KIBRIS BARIŞ GÜNÜ MİTİNG KONUŞMASI / 29.9.2004

Nicos Anastasiou*


 

Sevgili dostlar,
Burada bulunan herkese teşekkür etmek istiyorum. Farklı yerlerden başladığımız Barış çağrımızın finaline ulaştığımız halde, bu güzel gecede yeniden birlikteyiz. Bu gece ne Kıbrıslı Türk ne de Kıbrıslı Rum göremiyorum. Bu gece Orastesi ve Menteshi , Kyriakos ve Mustafayı görüyorum. Bu gece Laleyi ve Sandrayı ve Chail ile Elenayi görüyorum. Bu gece Kıbrıslı yüzleri ve yüzlerde okunan ve yaşanan barışın değerli yaşam tarzını görüyorum. Bu gece birlikteliğin bir düş değil gerçeğe dönüşünün gerçekliğini görüyorum. Politik çözümden önce, politik çözüm sırasında ve sonrasında barışı inşa etmeye ihtiyacımız olduğuna inanıyoruz ve bu nedenle elimizden geleni yapmaya devam ediyoruz. Şimdiye kadar ola gelen haksıklıklara, kadere ve nefrete karşı barışı kalkan olarak kullandık ve kullanıyoruz. Birçok savaş kahramanlarımız var. Gerçekten ihtiyacımız olan ise barış kahramanları ve işte sizler bu gece burada bizimle birliktesiniz.

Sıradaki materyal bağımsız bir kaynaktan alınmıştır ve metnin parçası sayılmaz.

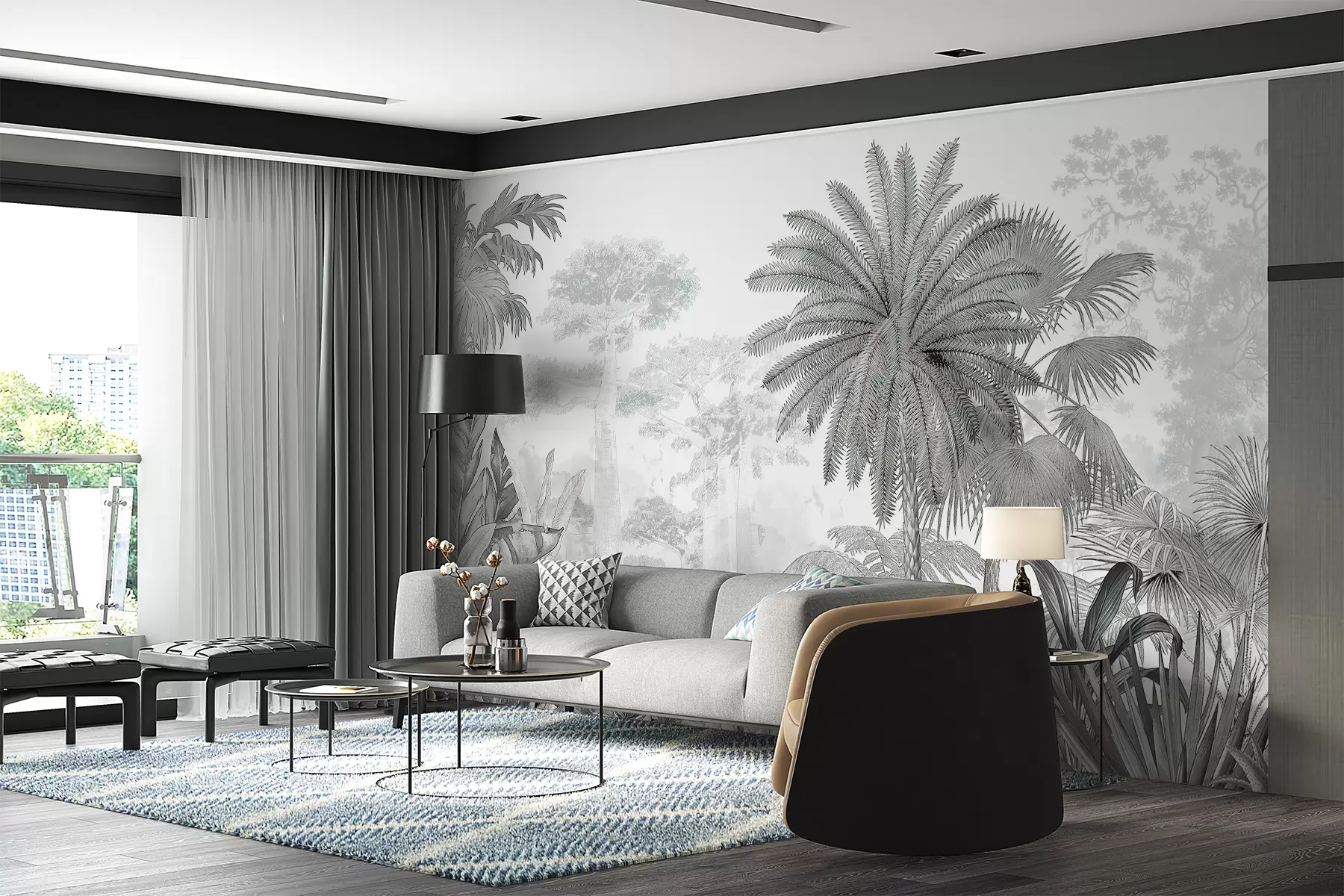 murales de pared Zona tropical. dibujo a tinta u59041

Bu gece yüzyıllardır Kıbrısta çocuklarımıza karşı işlenen şuçla ilgili konuşmak istiyorum. Her iki tarafta da sistemli bir şekilde işlenen ve kullanılan zavallı kurbanların acısını birlikte yaşadık ve adamıza anlaşmayı ve çözümü de yine birlikte getireceğiz. Her iki tarafta da sadece kendi tarafımızda olan acıları diğer tarafı suçlayarak yaşadık. Yaşanan savaş acıları en korkunç şekliyle kaydedilip, en ince ayrıntılarına kadar çocuklarımıza gösterildi. Bazıları buna tarih diyor. Bazıları bunların asla telafi edilemeyecek acılar olduğunu söylüyorlar. Fakat bunlar öykünün sadece bir tarafı- sadece tek taraflı. Buradaki en önemli husus ise bu tek taraflı seçilmiş öykülerin en büyük acıyı da beraberinde getirmiş Hepimiz barış ve çözüm isteyen tüm Kıbrıslılar bütün bu acıları geride bırakmalıyız ve barış dolu çözüme giden yolu hep birlikte inşa etmeye yılmadan usanmadan devam etmeliyiz. Kendi yaşadığımız acılarımız bizi kör ettiğinden öteki tarafın da en az bizim kadar acı çektiğini görmez olduk. Kendi acımızın en önemli acı olduğuna inandığımızdan sadece kendimizin bu acıları yaşadığına kendimizi inandırdık. Oysa acılarımız da ortak barış dileklerimiz de. Dikkatlice seçilip önümüze koyulan olaylar doğrultusunda büyük bir yalana da ortak olduk şimdiye kadar ve ötekileri hep barbar gördük. Tek taraflı bakış açısıyla büyüyen çocuklarımız hep öteki tarafı suçladı ve hep düşman gördü. Güvenilmemesi gereken taraf olarak gördü, çünkü bize karşı öteki taraftan korkunç suçlar işlenmiş olduğuna inandı. Bu yanlış inanış ve düşmanlıklar sistemli bir şekilde büyüyüp gelişti ta ki bu günlere gelene kadar. Artık birbirimizle savaşmıyoruz. Artık birbirimizin yüzlerine boyanan şeytan maskelerini söküp attık.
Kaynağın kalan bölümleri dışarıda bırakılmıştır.